Zusammen mit ihrer Kollegin Kerstin Brinckmann organisiert Dorothee Fichter  von der Nachbarschaft Schwabing auch in diesem Jahr wieder die Hofflohmärkte. Nach 25 Jahren machen noch mehr Hausgemeinschaften mit: Mehr als 350 Häuser beteiligen sich an diesem Samstag. Für das Organisationsteam steht vorrangig der Kontakt und der Austausch untereinander im Vordergrund: „Es geht nicht um das Verkaufen von wertvollen Dingen, sondern einfach um das Zusammensein; deshalb dürfen die Schwabinger Hofflohmärkte gerne noch weitere 25 Jahre bestehen!“

Max Krause sieht das ähnlich: „Ich glaube schon, dass es die Flohmärkte noch weitere 25 Jahre geben wird. Die Leute finden das Konzept einfach gut.“ Flyer für den diesjährigen Markt hat er bereits verteilt. Und auch wenn man sich im Haus trifft, erinnert man einander daran, die zu verkaufenden Sachen schon mal aus dem Keller zu holen.

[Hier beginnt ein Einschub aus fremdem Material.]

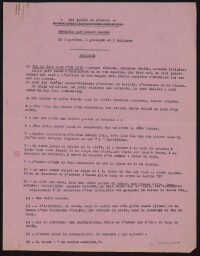 /medias/customer_2/2932_BU_BLJD_DESNOS_JPG7/DSN 282/bljd_DSN282_00001_jpg_/0_0.jpg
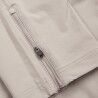 Berghaus Skelbo Pant - Pantalon softshell homme | Hardloop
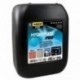 Hydrofuge Pro SODEPAC 20L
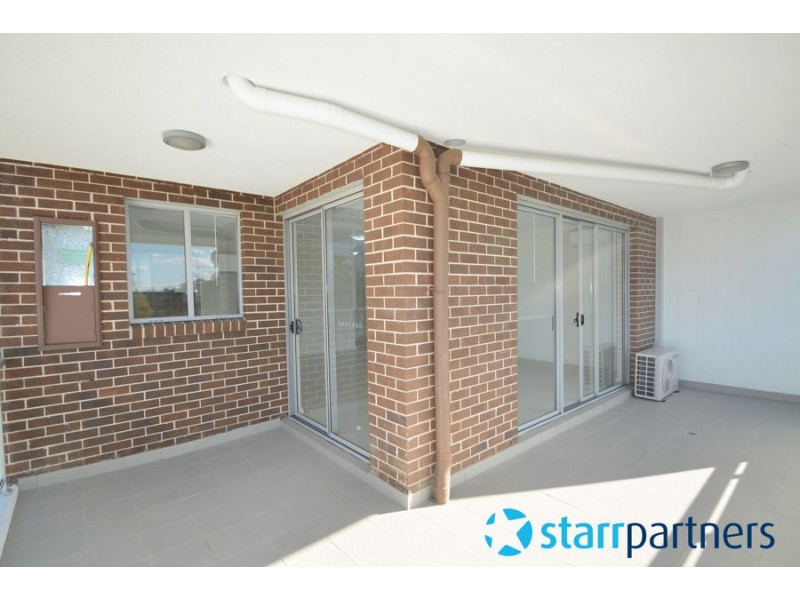 28 Smythe Street, Merrylands NSW 2160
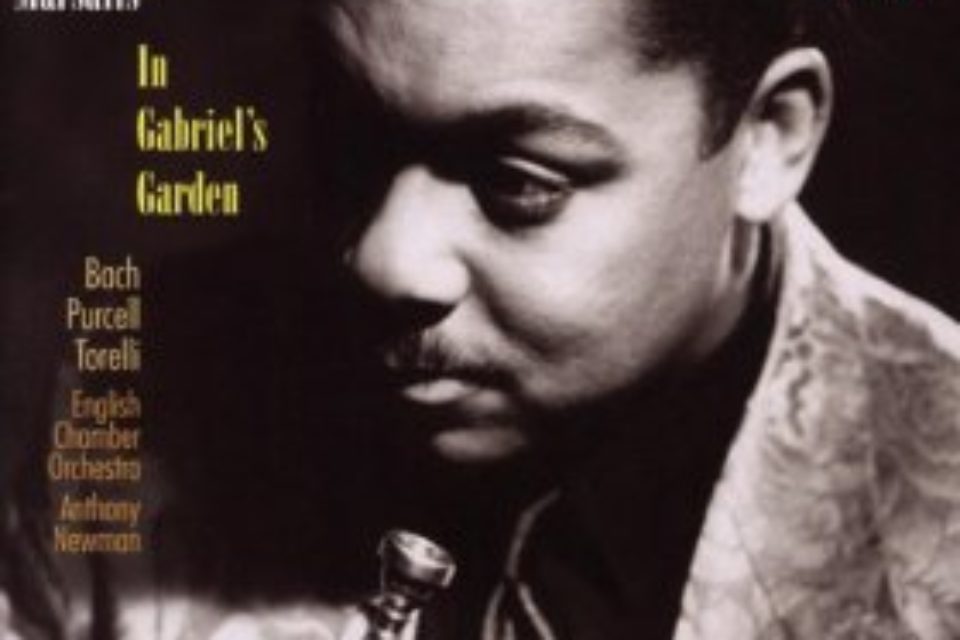 bedford chamber newman marsalis - What To Do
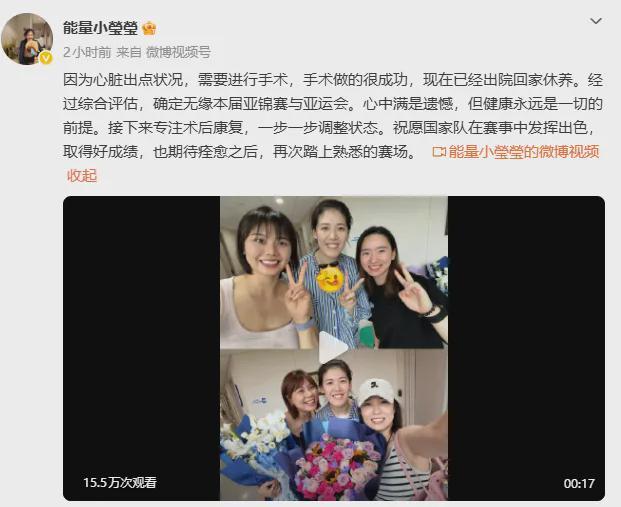 里奇·保罗：詹姆斯若联手库里，将呈现“篮球智慧”的极致
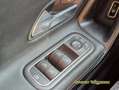 Mercedes-Benz CLA 200 CLA Shooting Brake Progressive*LED*NAVI*AHK*PDC Noir - thumbnail 14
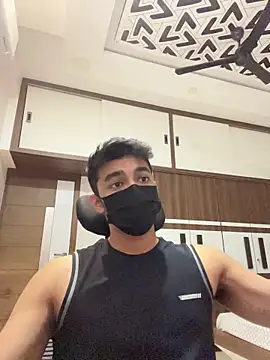 Dark 2465 online show from 03-29-26, 09:11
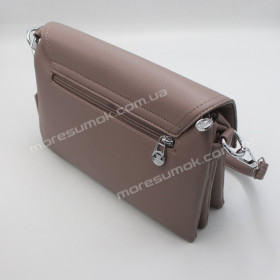 Сумки крос-боді 927 khaki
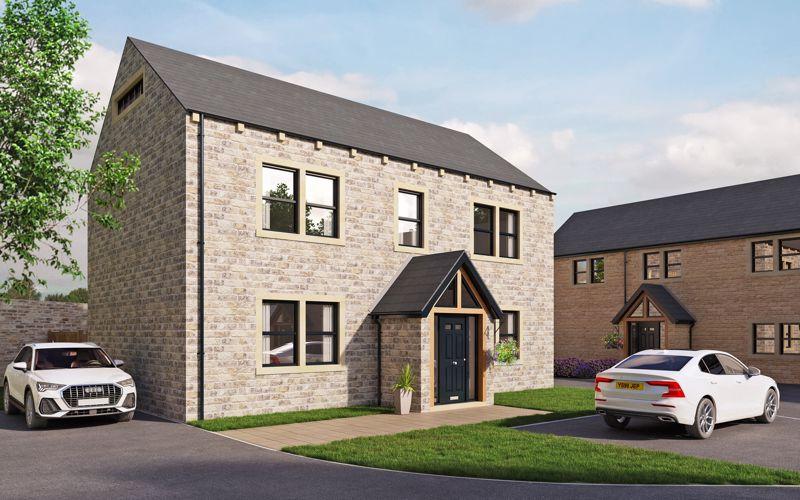 5 Meadow View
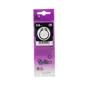Lot De 10 Circlips Extérieurs Acier, Standers, Diam.6 Mm, L.15.5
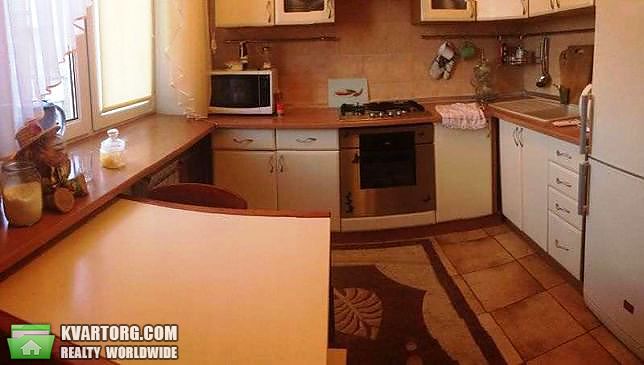 Sell 2-room apartment. Киев,  Уманская — photo 2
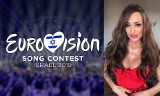 Siostry Godlewskie chcą reprezentować Polskę na Eurowizji! [wideo]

Klaus Habisreutinger hat für den Flohmarkt schon ein paar Sachen vorbereitet: „Wir haben im Keller noch ganz schöne Kinderspielzeuge, viele aus Holz, die ich teilweise selbst gebaut habe.“ Nostalgisch zwar von Bedeutung, aber doch zu schade, um sie im Keller verstauben zu lassen, sollen sie am Samstag neue Besitzer finden. Dafür müssen die Leute nur der selbst gemalten Fahne an der Durchgangstür in der Clemensstraße folgen – wie auch schon vor 25 Jahren.

Die Schwabinger Hofflohmärkte finden am Samstag, 24. Mai 2025, von 10 Uhr an statt. Sie ziehen sich von der Georgenstraße bis zum Petuelring, von der Barbarasiedlung und dem Ackermannbogen bis zum Englischen Garten. In Haus und Garten der Seidlvilla, Nikolaiplatz 1b, findet gleichzeitig der traditionelle Benefiz-Flohmarkt statt: gespendete Kostbarkeiten werden von Ehrenamtlichen zugunsten der Nachbarschaft Schwabing verkauft. Außerdem hat das Nachbarschafts-Café geöffnet.